[Start of section]

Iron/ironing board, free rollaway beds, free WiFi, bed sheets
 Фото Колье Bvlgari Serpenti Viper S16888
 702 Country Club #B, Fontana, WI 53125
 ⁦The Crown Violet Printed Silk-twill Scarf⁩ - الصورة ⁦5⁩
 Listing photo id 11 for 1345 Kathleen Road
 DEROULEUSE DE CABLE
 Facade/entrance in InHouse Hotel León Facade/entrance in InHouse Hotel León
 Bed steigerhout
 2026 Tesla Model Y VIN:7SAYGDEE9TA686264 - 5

[End of section]

Retype exactly the lines from the one containing "DEROULEUSE DE CABLE" through the end of the data. Add nothing.

Exercise response:
 DEROULEUSE DE CABLE
 Facade/entrance in InHouse Hotel León Facade/entrance in InHouse Hotel León
 Bed steigerhout
 2026 Tesla Model Y VIN:7SAYGDEE9TA686264 - 5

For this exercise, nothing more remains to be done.